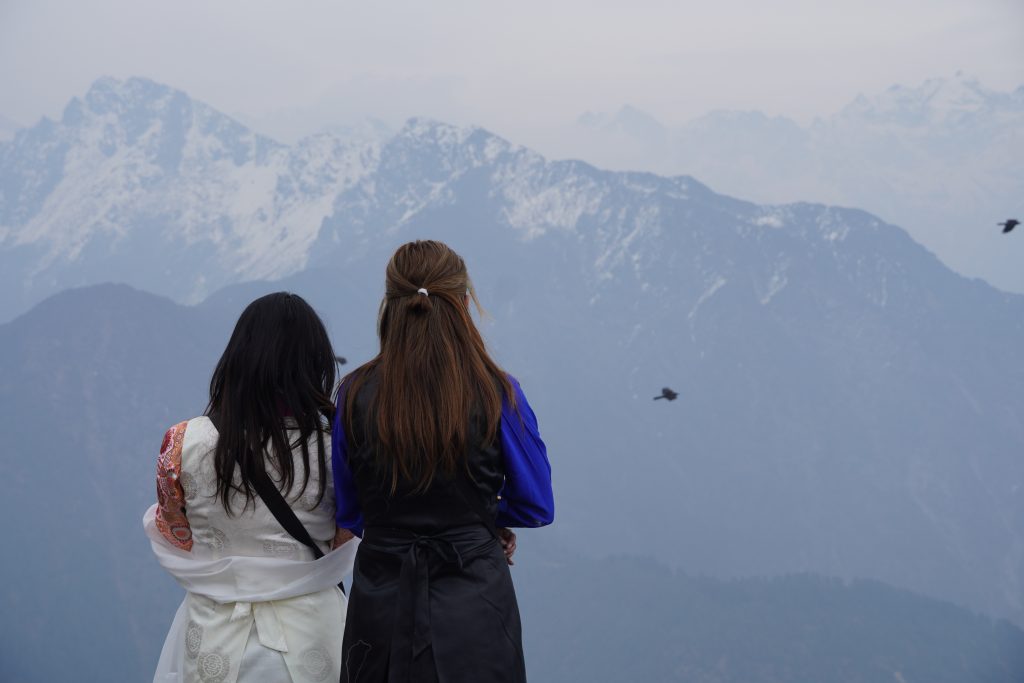 Visitors watching a view from Ama Yangri Photo: Bharat Poudel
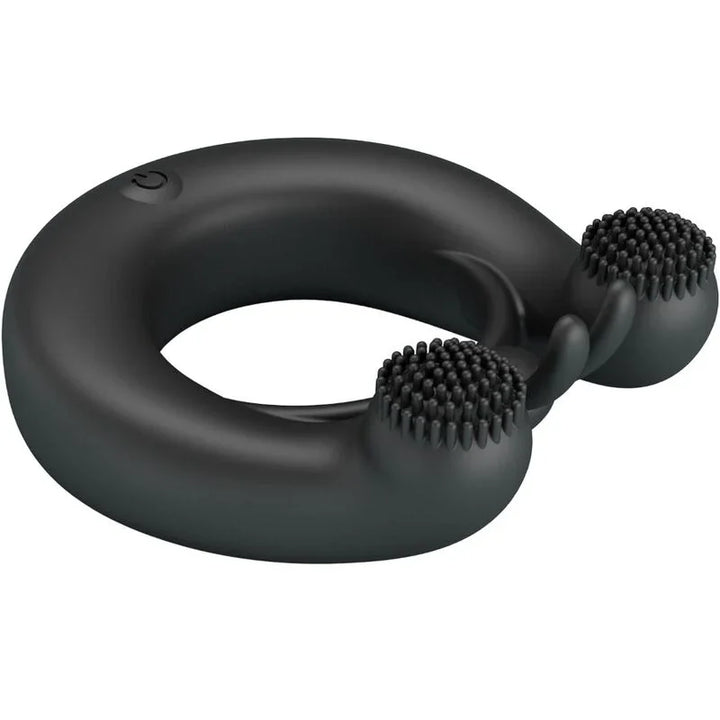 PRETTY LOVE - DAHLIA ANILLO VIBRADOR + ESTIMULADOR DE CLÍTOIS 12 VIBRACIONES NEGRO - Nuvica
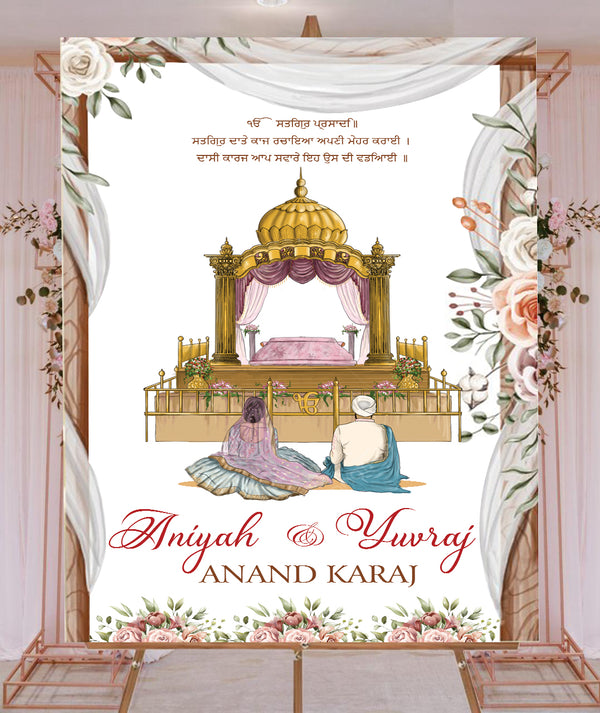 Indian Punjabi Wedding Anand Karaj Ceremony Welcome Board for Decoration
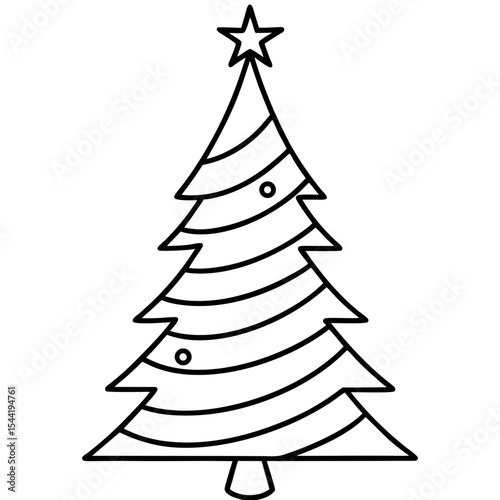 White Background Holiday Tree Vector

---*---

-- Task statement --
Pictures are not part of the copy; transcribe the rest of the data verbatim.

-- Task response --
 Visitors watching a view from Ama Yangri Photo: Bharat Poudel
 PRETTY LOVE - DAHLIA ANILLO VIBRADOR + ESTIMULADOR DE CLÍTOIS 12 VIBRACIONES NEGRO - Nuvica
 Indian Punjabi Wedding Anand Karaj Ceremony Welcome Board for Decoration
 White Background Holiday Tree Vector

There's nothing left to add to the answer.